Immunogenicity of a single dose of meningococcal group C conjugate vaccine given at 3 months of age to healthy infants in the United kingdom.

The Pediatric infectious disease journal (2012-02-16)
Helen Findlow, Ray Borrow, Nick Andrews, Pauline Waight, Elizabeth Sheasby, Mary Matheson, Anna England, David Goldblatt, Lindsey Ashton, Jamie Findlow, Elizabeth Miller
ABSTRACT

From 1999, in the United Kingdom, meningococcal C conjugate (MCC) vaccines from 3 manufacturers were introduced to the infant immunization schedule at 2, 3 and 4 months of age. In 2006, the schedule was refined to a 2-dose primary schedule at 3 and 4 months of age, with a combined MCC/Haemophilus influenzae type b (MCC/Hib-TT) booster at 12 months of age. Recent data have demonstrated that 2 of the 3 MCC vaccines showed potential for use as a single priming dose in infancy. A randomized trial was undertaken with 2 MCC vaccines; one using tetanus toxoid carrier protein (MCC-TT) and one using CRM197 carrier protein (MCC-CRM197). Infants were immunized with MCC at 3 months of age followed by an MCC/Hib-TT booster at 12 months of age. The serum bactericidal antibody geometric mean titers 1 month after a single dose of MCC-TT or MCC-CRM 197 were 223.3 (95% confidence interval [CI]: 162.9-306.1) and 95.8 (95% CI: 66.4-138.2) with 100% and 95.5% of infants having serum bactericidal antibody titers ≥ 8, respectively.
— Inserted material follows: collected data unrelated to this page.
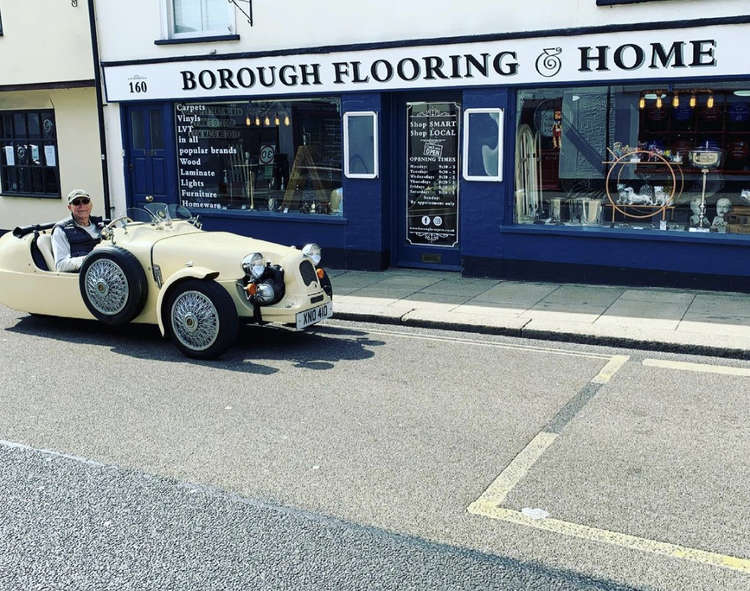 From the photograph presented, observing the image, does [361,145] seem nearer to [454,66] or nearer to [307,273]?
[454,66]

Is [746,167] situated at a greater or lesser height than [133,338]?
greater

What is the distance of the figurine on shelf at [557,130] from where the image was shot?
1077 centimetres

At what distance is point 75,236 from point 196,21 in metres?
5.74

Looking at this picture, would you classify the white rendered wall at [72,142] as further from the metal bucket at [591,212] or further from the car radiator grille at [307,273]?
the metal bucket at [591,212]

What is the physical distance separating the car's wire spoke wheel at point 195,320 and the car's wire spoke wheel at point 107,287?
0.62 meters

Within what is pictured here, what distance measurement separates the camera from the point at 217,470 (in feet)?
16.5

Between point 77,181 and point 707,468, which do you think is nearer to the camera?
point 707,468

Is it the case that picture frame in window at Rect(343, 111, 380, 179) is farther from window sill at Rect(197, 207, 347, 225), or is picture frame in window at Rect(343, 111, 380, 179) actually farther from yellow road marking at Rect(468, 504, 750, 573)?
yellow road marking at Rect(468, 504, 750, 573)

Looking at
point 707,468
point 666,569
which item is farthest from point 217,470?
point 707,468

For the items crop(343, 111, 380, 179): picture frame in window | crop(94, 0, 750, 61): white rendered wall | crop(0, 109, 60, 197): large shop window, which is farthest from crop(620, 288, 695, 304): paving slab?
crop(0, 109, 60, 197): large shop window

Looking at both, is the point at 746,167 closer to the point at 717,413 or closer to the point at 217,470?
the point at 717,413

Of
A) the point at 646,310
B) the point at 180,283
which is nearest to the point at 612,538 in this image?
the point at 180,283

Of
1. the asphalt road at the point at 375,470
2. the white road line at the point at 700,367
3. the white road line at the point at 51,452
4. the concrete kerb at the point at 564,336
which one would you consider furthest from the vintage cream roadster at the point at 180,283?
the white road line at the point at 700,367

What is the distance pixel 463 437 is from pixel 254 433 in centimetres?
143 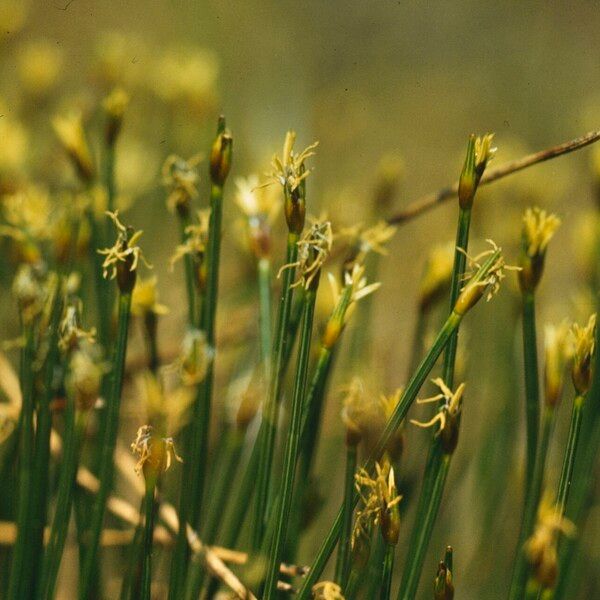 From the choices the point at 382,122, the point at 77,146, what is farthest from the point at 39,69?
the point at 382,122

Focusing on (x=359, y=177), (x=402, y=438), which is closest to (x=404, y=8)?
(x=359, y=177)

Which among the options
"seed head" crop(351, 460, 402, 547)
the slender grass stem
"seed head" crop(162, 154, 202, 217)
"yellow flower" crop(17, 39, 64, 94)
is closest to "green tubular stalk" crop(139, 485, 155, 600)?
the slender grass stem

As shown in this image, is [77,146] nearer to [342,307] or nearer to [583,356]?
[342,307]

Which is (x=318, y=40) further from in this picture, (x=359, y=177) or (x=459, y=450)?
(x=459, y=450)

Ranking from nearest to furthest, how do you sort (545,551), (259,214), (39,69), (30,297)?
(545,551) → (30,297) → (259,214) → (39,69)

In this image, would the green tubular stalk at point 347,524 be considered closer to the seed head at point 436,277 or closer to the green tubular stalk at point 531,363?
the green tubular stalk at point 531,363

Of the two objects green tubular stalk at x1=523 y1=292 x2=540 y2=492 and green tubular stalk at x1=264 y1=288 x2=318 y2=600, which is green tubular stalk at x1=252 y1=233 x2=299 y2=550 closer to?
green tubular stalk at x1=264 y1=288 x2=318 y2=600

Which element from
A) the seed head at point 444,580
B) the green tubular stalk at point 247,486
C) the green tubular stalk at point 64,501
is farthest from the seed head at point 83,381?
the seed head at point 444,580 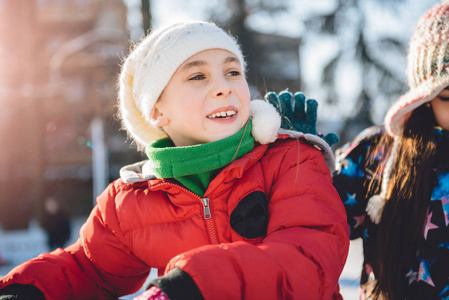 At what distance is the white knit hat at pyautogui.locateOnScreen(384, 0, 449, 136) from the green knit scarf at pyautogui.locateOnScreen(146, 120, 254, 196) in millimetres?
715

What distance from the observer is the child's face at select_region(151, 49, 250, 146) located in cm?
153

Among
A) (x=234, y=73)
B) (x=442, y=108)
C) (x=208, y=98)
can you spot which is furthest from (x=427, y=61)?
(x=208, y=98)

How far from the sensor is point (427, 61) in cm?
173

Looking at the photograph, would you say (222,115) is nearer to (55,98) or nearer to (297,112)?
(297,112)

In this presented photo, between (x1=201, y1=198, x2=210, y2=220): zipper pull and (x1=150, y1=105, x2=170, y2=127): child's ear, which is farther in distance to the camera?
(x1=150, y1=105, x2=170, y2=127): child's ear

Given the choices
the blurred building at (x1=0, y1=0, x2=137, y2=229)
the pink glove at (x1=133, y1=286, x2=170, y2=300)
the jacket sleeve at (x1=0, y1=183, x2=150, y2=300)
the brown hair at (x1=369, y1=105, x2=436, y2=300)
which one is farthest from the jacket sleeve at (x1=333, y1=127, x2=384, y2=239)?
the blurred building at (x1=0, y1=0, x2=137, y2=229)

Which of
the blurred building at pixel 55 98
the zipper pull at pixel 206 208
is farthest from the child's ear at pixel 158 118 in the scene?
the blurred building at pixel 55 98

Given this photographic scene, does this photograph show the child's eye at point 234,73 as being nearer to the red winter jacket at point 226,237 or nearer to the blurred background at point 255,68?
the red winter jacket at point 226,237

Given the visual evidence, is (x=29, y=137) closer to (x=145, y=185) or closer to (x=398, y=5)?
(x=145, y=185)

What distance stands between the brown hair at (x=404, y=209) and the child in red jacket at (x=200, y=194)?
0.37 metres

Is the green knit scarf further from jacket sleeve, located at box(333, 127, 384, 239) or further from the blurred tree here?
the blurred tree

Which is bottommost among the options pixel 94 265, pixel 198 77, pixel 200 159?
pixel 94 265

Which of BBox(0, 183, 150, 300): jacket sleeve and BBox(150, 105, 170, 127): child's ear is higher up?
BBox(150, 105, 170, 127): child's ear

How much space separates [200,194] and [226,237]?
18 centimetres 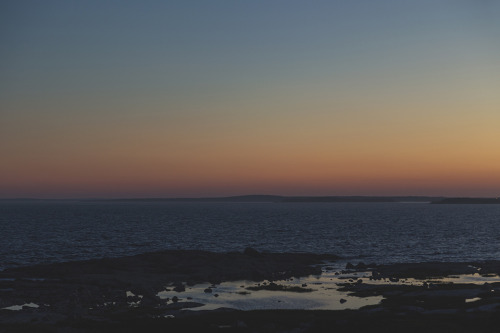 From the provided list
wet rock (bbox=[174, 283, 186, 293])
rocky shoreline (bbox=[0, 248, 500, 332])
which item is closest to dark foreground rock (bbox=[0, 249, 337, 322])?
wet rock (bbox=[174, 283, 186, 293])

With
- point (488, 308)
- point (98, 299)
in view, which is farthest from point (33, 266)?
point (488, 308)

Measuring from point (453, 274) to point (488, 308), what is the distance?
25595 millimetres

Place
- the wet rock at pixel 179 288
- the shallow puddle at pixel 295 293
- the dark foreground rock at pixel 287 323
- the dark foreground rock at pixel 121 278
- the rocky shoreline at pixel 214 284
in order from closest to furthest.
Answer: the dark foreground rock at pixel 287 323, the rocky shoreline at pixel 214 284, the dark foreground rock at pixel 121 278, the shallow puddle at pixel 295 293, the wet rock at pixel 179 288

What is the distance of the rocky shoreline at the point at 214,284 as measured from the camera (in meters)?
37.8

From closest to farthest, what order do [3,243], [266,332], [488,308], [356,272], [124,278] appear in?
1. [266,332]
2. [488,308]
3. [124,278]
4. [356,272]
5. [3,243]

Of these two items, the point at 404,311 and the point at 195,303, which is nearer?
the point at 404,311

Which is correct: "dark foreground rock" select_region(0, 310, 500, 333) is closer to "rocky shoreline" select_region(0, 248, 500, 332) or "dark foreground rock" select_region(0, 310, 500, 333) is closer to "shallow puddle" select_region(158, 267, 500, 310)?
"rocky shoreline" select_region(0, 248, 500, 332)

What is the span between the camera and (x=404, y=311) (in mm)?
42031

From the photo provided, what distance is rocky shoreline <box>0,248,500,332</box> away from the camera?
124 feet

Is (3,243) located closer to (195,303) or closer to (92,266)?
(92,266)

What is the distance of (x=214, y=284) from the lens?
197 ft

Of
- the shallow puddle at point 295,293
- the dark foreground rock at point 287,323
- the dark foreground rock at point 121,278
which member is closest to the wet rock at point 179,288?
A: the dark foreground rock at point 121,278

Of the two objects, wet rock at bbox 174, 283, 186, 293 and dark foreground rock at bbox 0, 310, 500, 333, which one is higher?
dark foreground rock at bbox 0, 310, 500, 333

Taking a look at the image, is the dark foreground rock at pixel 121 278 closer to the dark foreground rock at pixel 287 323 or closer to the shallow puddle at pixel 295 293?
the shallow puddle at pixel 295 293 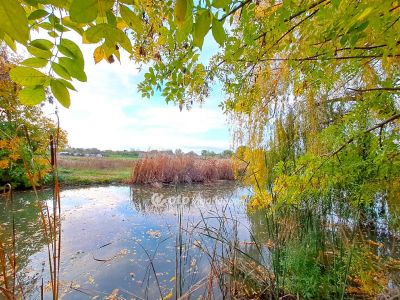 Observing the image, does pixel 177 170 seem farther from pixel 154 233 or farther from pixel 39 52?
pixel 39 52

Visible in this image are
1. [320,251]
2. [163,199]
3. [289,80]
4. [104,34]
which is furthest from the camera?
[163,199]

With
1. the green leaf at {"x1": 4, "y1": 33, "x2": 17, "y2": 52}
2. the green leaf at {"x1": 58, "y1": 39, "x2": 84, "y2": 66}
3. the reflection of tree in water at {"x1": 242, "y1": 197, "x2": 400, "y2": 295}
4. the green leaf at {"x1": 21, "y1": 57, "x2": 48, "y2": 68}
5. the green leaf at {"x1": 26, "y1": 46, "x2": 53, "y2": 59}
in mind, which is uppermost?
the green leaf at {"x1": 4, "y1": 33, "x2": 17, "y2": 52}

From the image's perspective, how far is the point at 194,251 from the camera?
3412mm

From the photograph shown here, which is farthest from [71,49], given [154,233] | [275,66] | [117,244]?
[154,233]

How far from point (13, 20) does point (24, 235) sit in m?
5.25

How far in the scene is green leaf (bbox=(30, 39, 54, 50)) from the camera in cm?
51

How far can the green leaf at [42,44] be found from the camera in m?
0.51

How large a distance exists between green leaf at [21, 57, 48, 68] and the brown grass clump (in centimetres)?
912

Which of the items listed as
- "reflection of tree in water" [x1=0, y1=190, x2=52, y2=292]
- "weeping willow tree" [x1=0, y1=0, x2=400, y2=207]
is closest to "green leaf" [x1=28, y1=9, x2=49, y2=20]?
"weeping willow tree" [x1=0, y1=0, x2=400, y2=207]

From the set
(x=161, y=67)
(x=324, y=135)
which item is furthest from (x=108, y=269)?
(x=324, y=135)

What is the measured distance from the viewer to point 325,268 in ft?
7.67

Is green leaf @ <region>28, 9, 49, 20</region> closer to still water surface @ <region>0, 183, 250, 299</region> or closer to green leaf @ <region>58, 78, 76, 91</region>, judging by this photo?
green leaf @ <region>58, 78, 76, 91</region>

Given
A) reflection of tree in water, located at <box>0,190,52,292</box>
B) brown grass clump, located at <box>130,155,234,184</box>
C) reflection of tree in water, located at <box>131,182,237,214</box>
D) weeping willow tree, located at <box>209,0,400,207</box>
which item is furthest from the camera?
brown grass clump, located at <box>130,155,234,184</box>

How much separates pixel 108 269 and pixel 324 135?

Before boosting, antibody titers had declined, and 1 month after the MCC/Hib-TT booster, serum bactericidal antibody geometric mean titers rose to 2251.0 (95% CI: 1535.3-3300.3) and 355.9 (95% CI: 235.4-538.1) for children primed with MCC-TT and MCC-CRM 197, respectively. In conclusion, a single priming dose of either MCC-TT or MCC-CRM197 administered at 3 months of age can be used together with the Hib/MCC-TT booster in the second year of life.